Try plugging those numbers you get into your equations to see whether they're satisfied or not.
Show us what you're doing.
I have the following problem to solve:
Solve these equations for both v and x:
3v + 4 x = 3,
7v - 3 x = 3
The way I learned to set it up is to isolate a variable and then plug the solution into the other equation, but when I try to do so I do not get nice numbers that don't seem to be correct.
It is much easier to solve equations by using the method of elimination by equating coefficient.
We may eliminate any one variable by equating its coefficient and then adding / subtracting the two equations.

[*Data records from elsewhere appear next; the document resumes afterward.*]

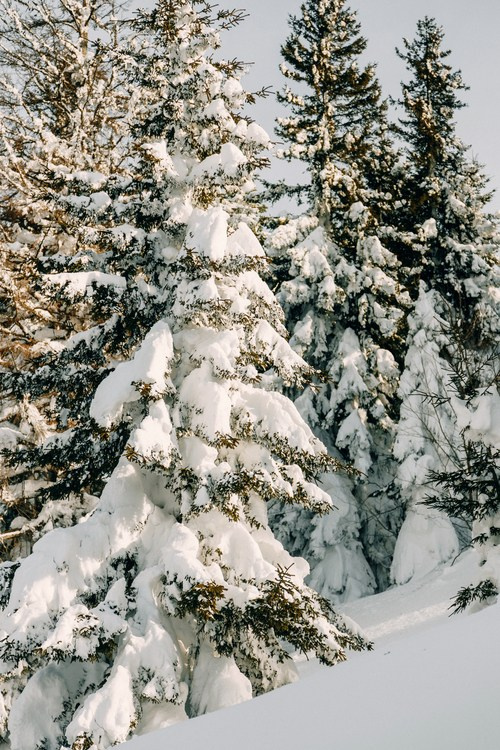Горнолыжный курорт Годердзи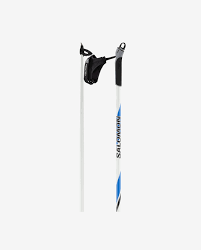 Vist Large View of Product Image Which is New Salomon R20 Pole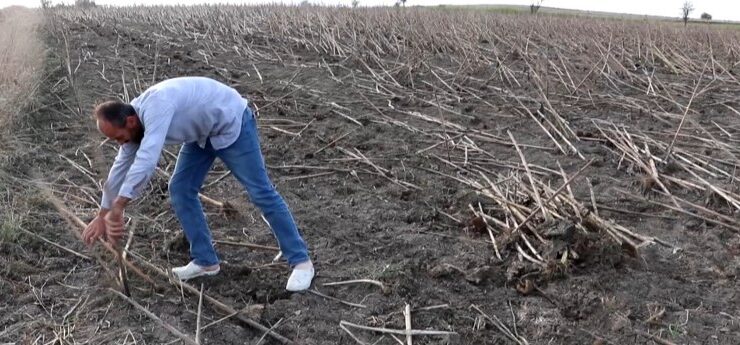 Ayçiçeği sapları yakıta dönüşüyor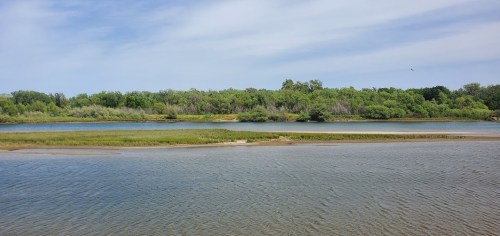 A serene river scene with lush green trees lining the banks and calm water reflecting the sky.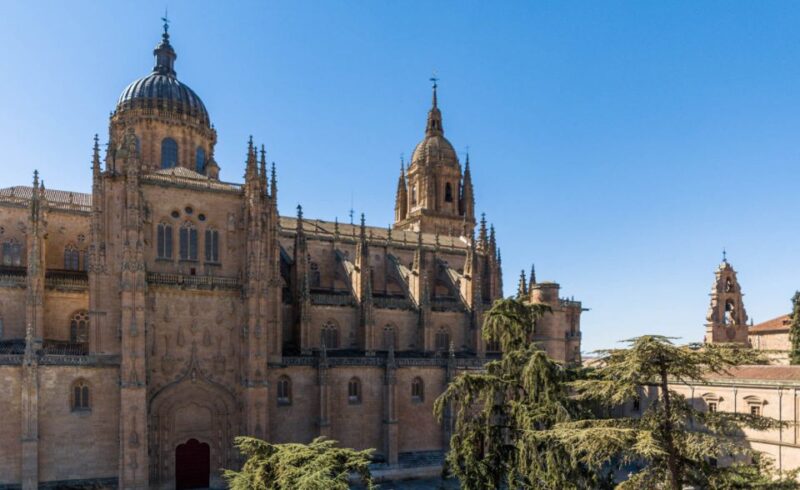 Salamanca: Cathedral of Salamanca Ticket With Audio Guide - Cathedral Experience
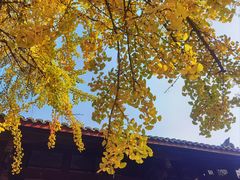 -古大圣慈寺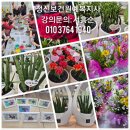 원예테라피_초록식물이 주는 마음의 위로 이미지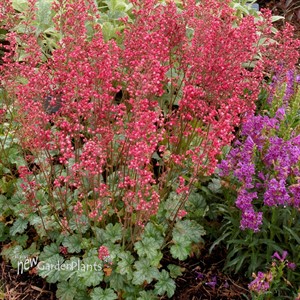 'Paris'  Coral Bells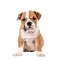 Bulldog - Ingyenes animált GIF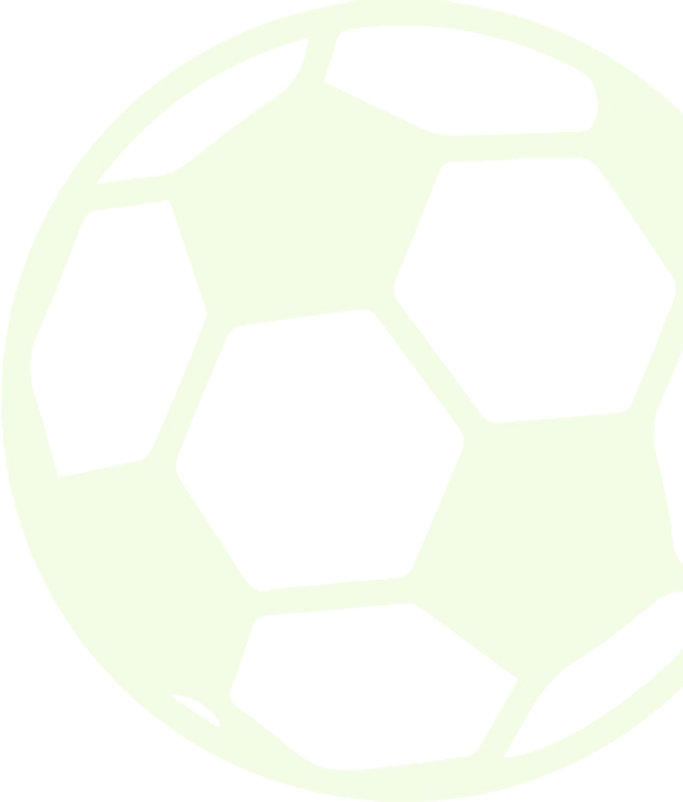 Sports Ball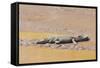 Crocodile-DLILLC-Framed Stretched Canvas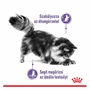 Kép 3/8 - ROYAL CANIN Appetite Control Care - előnyök
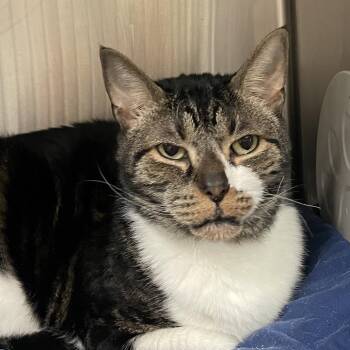 Barnaby -  Domestic Short Hair Cat for Adoption in York, Pennsylvania - Barnaby | PetCurious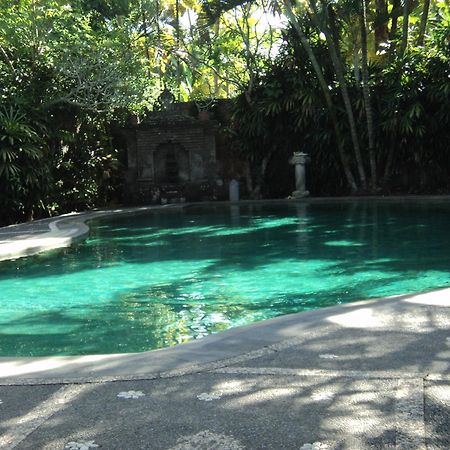 Villa Bhuana Alit Ubud Zewnętrze zdjęcie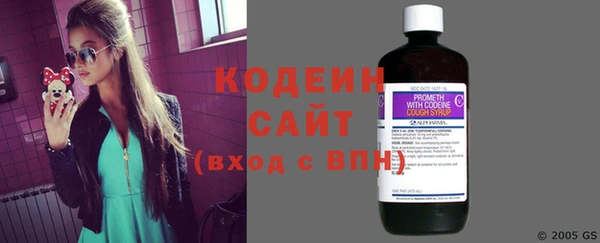 ПСИЛОЦИБИНОВЫЕ ГРИБЫ Гусев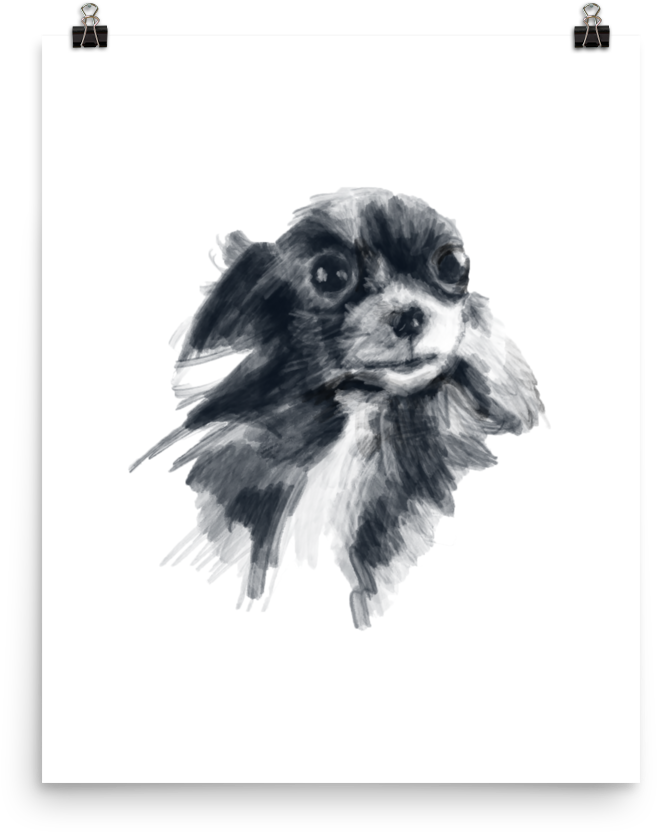 Blackand White Chihuahua Sketch PNG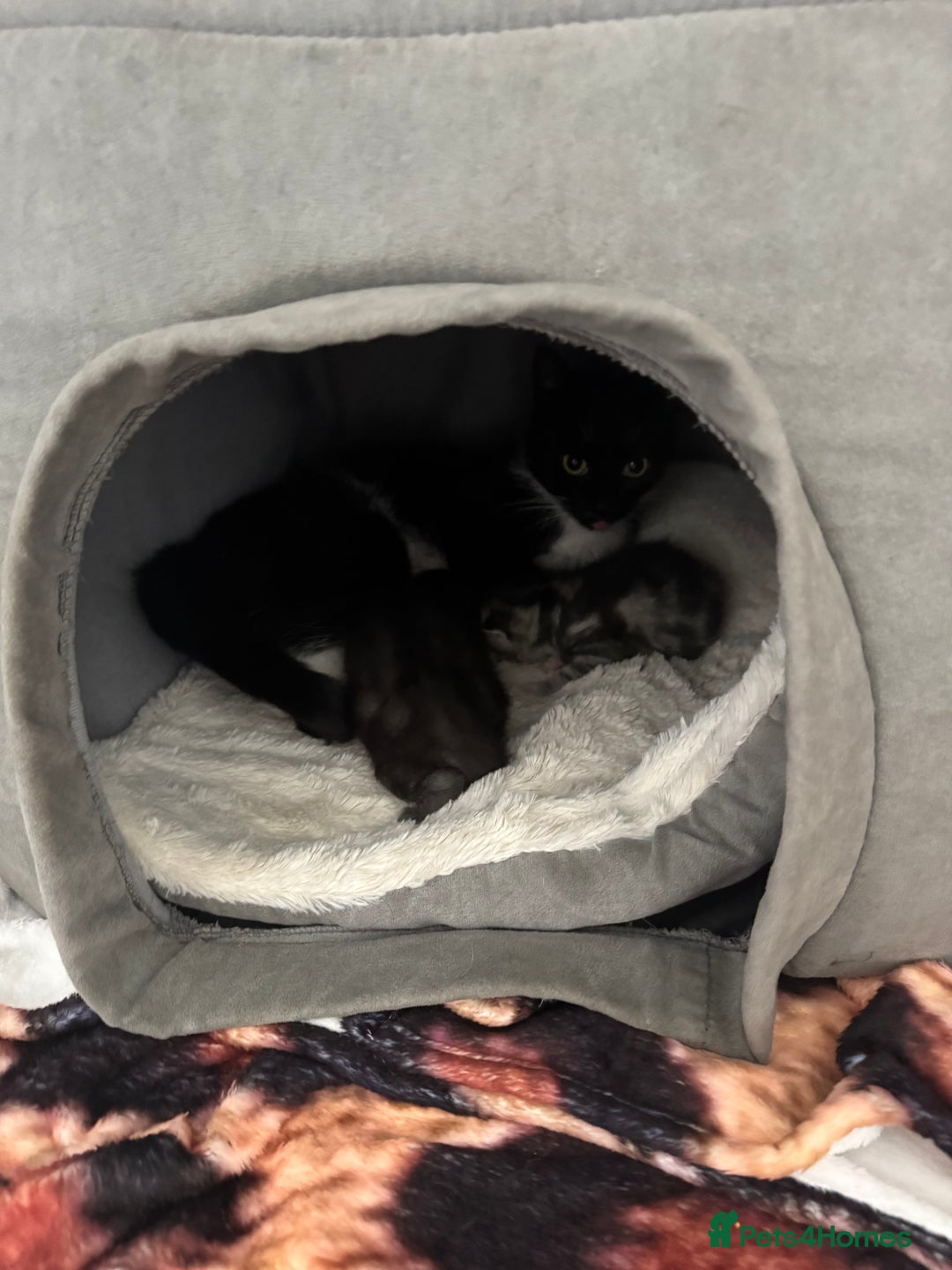 Mixed Breed cats for sale: 12 week old male mixed breed kitten for sale - Image 9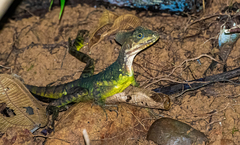 Basiliscus galeritus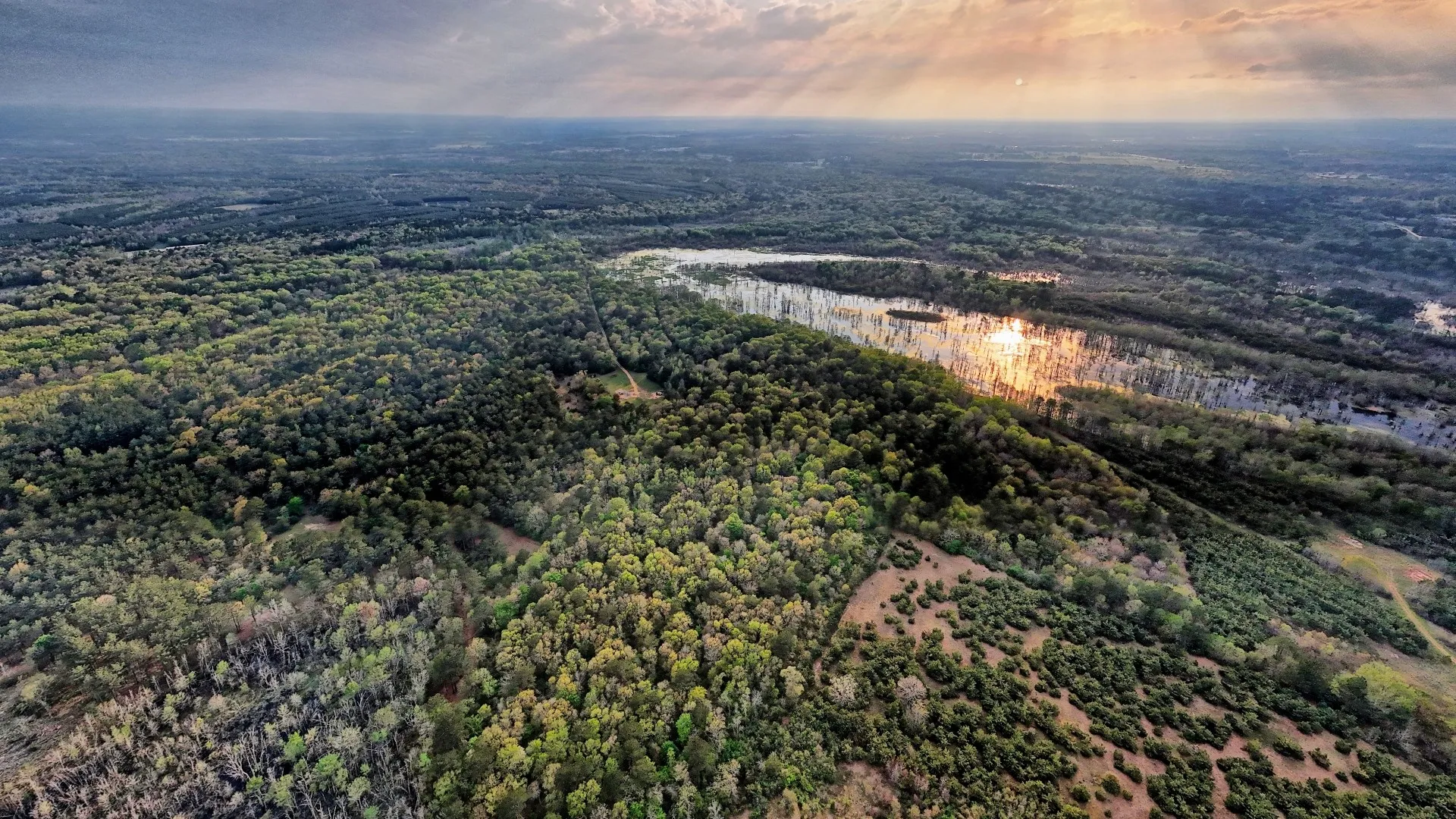 Ranch For Sale in Panola County , TBD County Rd 401, Carthage, Texas 75633, 0, 0, Garage spaces, 0 Sqft, built in 0, Price $1,950,000, mls#21264692, Real Estate Agent in Carthage, Homes For Sale in Panola county, Homes For Sale in Carthage, Realtor in Carthage Texas, Real Estate Brokerage Independent Realty Texas, Luminita Cordes Realtor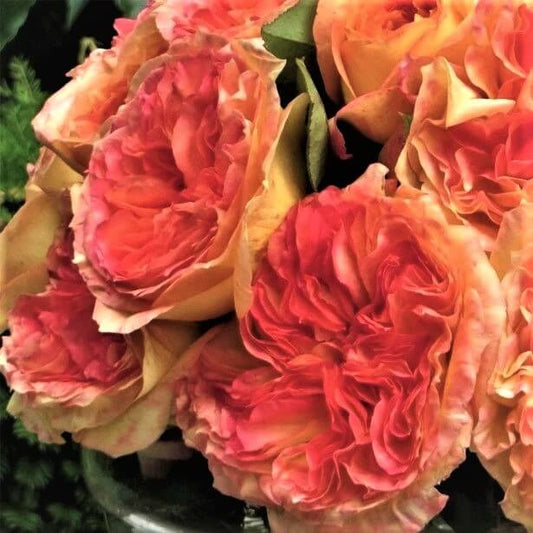 Henri Delbard ® Hybrid Tea Roses garden rose bushes potted or bare root plants
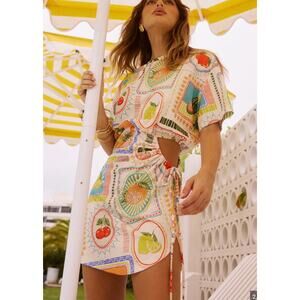 NWT Seven Wonders Brizzie Mini Dress Small Agata Mixed Fruit Print Cutout XL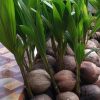 jual bibit tanaman Bibit Kelapa Genjah Terbaru Tanaman Entok Bisa Dibanyar Di Sumba Tengah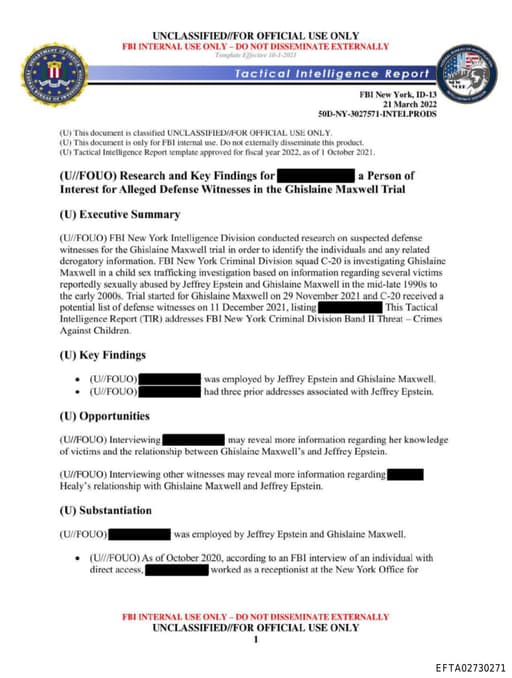 Preview of EFTA02730271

Let us consider the given equations:
3v + 4 x = 3 ------ (1)
7v - 3 x = 3 --------(2)
let us eliminate x, for that we will equate coefficient of x in both the equations by multiplying the equqtion with suitable number, in this case we will multiply the equation (1) by 3 and equation (2) by 4, we get:
9v + 12 x = 9 ------ ( 3 )
28v - 12 x = 12------( 4)
Since sign of the term containing x is different we add equation ( 3 ) and ( 4 ), we get
37 v = 21 That gives v = 21/37 Now you can get the value of x by plugging in this value in any equation ( 1 ) or ( 2)
The error I made was in my algebra. When solving the first equation for v, I got stuck at this point:
v = (3 - 4x) / (3)
I did not take into consideration that the denominator of 3 affects both terms in the numerator and simply canceled the 3 within numerator & denominator, failing to apply it to the 4x term as well. That is why my solution didn't make sense when continuing the problem from thereon.
Thank you for the visual display, it certainly helped! And I now know what I did wrong.
I am going to apply your method to the rest of my problems and see which method fits better for me. The first method is more intuitive for me, though.